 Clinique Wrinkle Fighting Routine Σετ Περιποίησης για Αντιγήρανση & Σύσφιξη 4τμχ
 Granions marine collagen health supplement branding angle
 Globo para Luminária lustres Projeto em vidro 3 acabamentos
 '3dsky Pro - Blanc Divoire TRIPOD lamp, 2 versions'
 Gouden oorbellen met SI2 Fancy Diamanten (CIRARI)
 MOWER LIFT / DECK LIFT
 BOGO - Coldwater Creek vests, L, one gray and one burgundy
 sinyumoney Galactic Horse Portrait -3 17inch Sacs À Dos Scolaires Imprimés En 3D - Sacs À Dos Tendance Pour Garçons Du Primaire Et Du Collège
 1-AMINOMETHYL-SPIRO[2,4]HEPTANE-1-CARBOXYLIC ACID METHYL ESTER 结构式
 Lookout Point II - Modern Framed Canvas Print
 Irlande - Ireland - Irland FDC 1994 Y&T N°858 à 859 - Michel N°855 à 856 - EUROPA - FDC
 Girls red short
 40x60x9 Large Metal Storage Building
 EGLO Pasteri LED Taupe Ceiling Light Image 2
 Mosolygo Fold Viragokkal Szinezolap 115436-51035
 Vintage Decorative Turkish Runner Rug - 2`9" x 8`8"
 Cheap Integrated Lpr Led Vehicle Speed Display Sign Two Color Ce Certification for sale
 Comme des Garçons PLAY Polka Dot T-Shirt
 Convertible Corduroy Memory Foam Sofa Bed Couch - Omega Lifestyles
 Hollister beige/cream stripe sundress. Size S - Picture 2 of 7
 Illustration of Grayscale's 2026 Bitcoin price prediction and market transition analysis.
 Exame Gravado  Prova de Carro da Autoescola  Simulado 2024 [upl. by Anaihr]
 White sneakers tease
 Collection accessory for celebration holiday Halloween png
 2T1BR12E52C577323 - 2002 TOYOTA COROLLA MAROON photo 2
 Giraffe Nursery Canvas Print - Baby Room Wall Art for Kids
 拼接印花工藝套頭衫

Your task - What are the lines of the data above that include the string "Print"? Copy them.

Answer space -
 Lookout Point II - Modern Framed Canvas Print
 Giraffe Nursery Canvas Print - Baby Room Wall Art for Kids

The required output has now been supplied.